──────── Records supplied

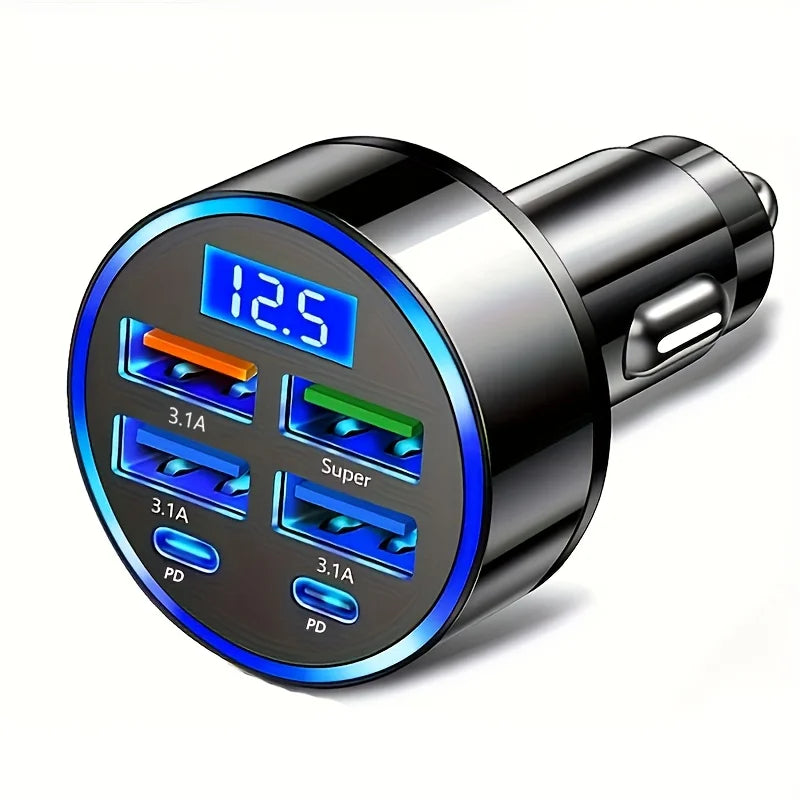 GaN USB C Car Charger 120W Ultra Intelligent PD QC - Smarsty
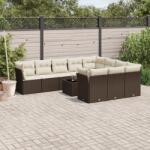 vidaXL 11 részes barna polyrattan kerti ülőgarnitúra párnákkal (3250072)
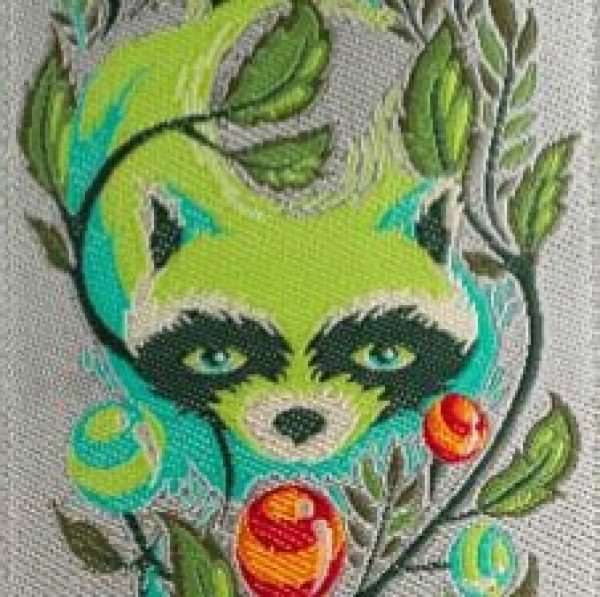 Webband Tula Pink "Racoon" in Agave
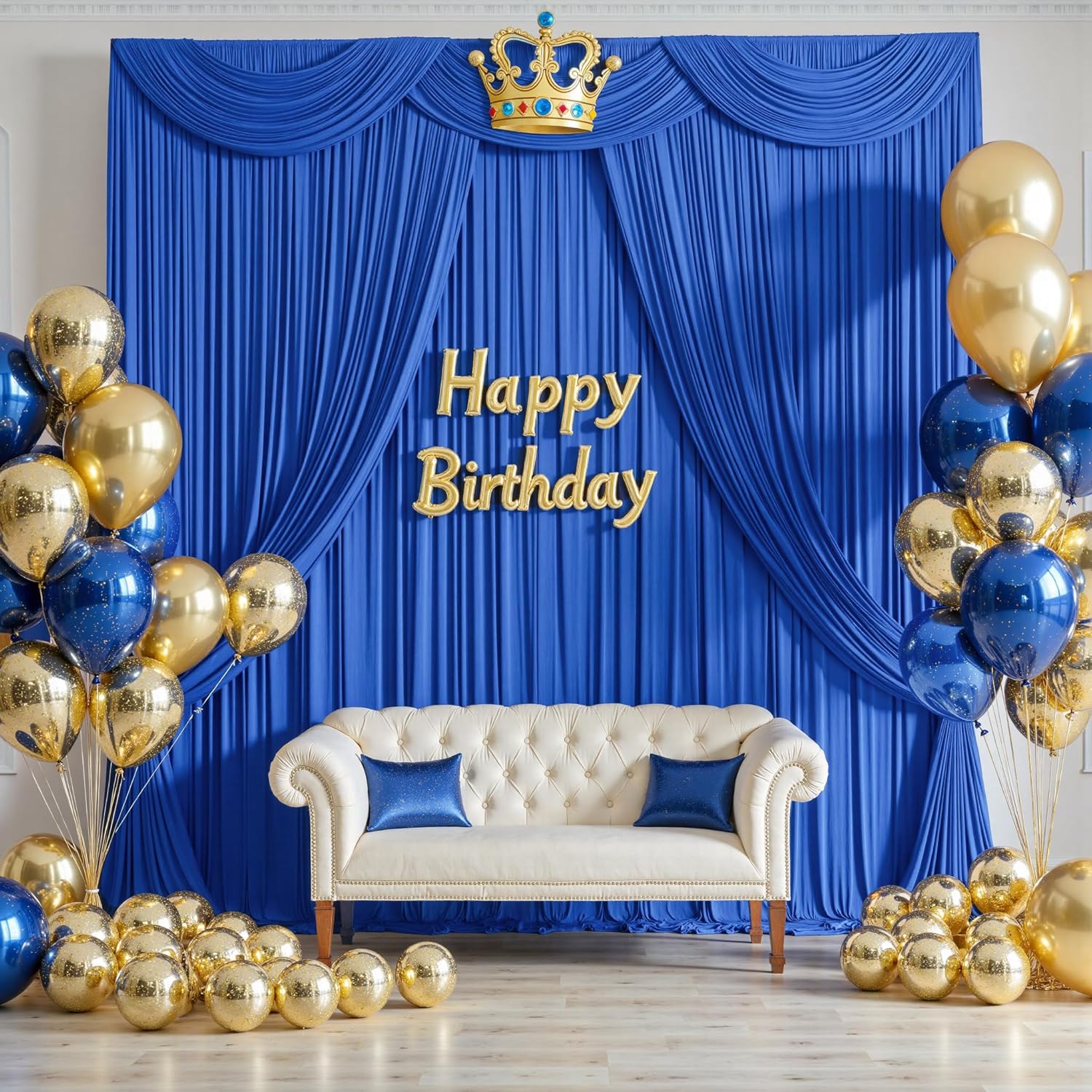 20ftx10ft Wrinkle Free Royal Blue Backdrop Curtains for Events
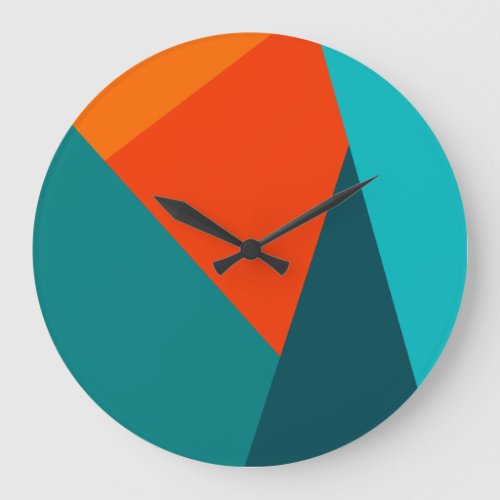 Teal  Orange Color Wall Clock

────────────────

**Your goal:** From the first line to the last, set down the data exactly, without the pictures.

**Response to this exercise:**
 GaN USB C Car Charger 120W Ultra Intelligent PD QC - Smarsty
 vidaXL 11 részes barna polyrattan kerti ülőgarnitúra párnákkal (3250072)
 Webband Tula Pink "Racoon" in Agave
 20ftx10ft Wrinkle Free Royal Blue Backdrop Curtains for Events
 Teal  Orange Color Wall Clock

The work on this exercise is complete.